** Opening DATA SHOWN block **

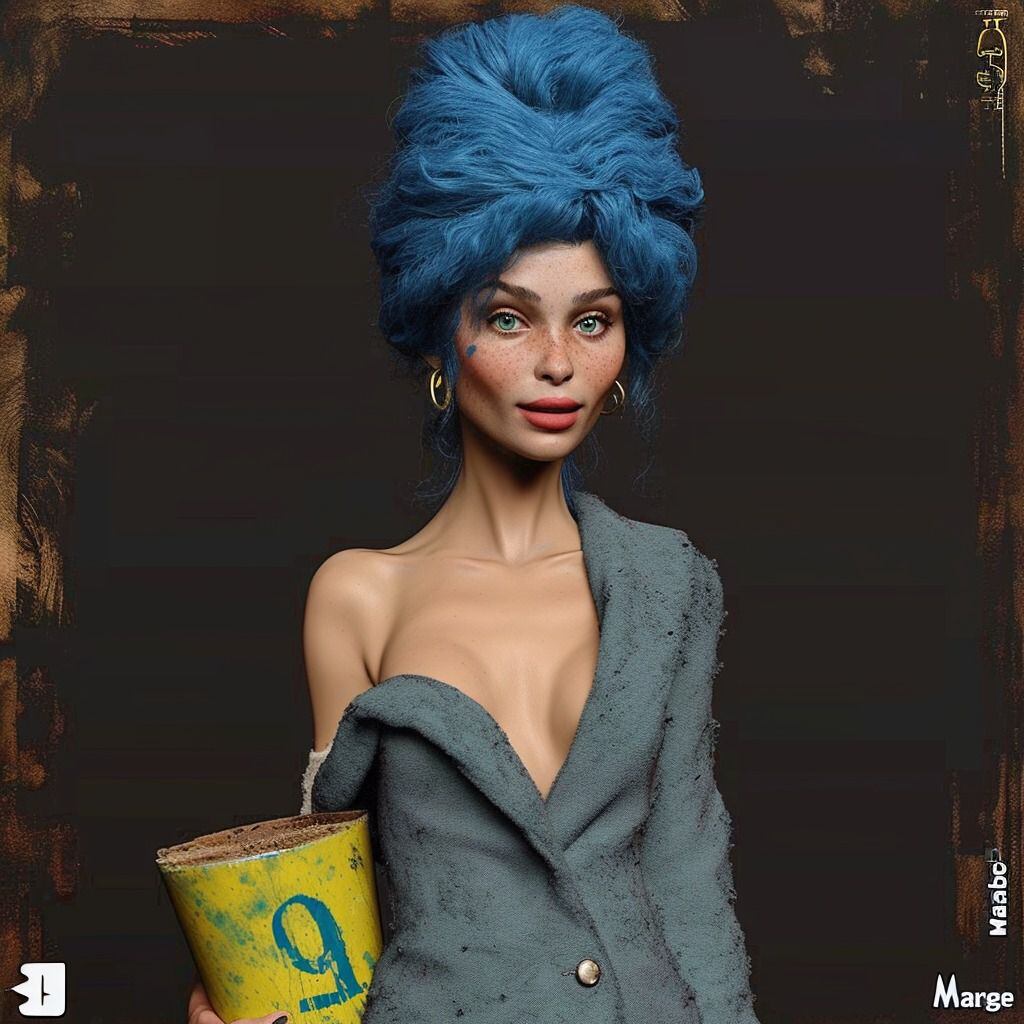 Marge Simpson según la IA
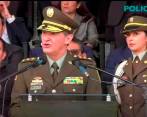 El general Salamanca el día de su posesión como director general de la Policía. FOTO: Cortesía. 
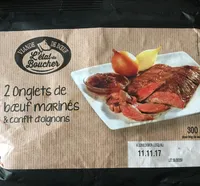 2 onglets de boeuf mariné & confit d’oignons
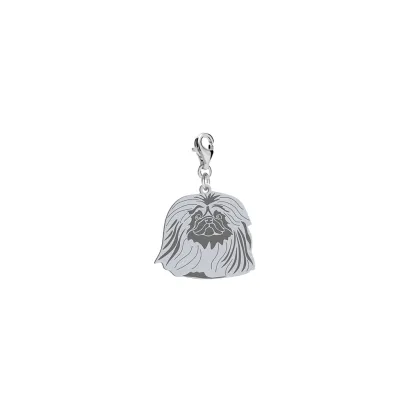 Silver Pekingese engraved charms - MEJK Jewellery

** Closing DATA SHOWN block **

A faithful copy of the data above is wanted, with every image left out.

 Marge Simpson según la IA
 El general Salamanca el día de su posesión como director general de la Policía. FOTO: Cortesía. 
 2 onglets de boeuf mariné & confit d’oignons
 Silver Pekingese engraved charms - MEJK Jewellery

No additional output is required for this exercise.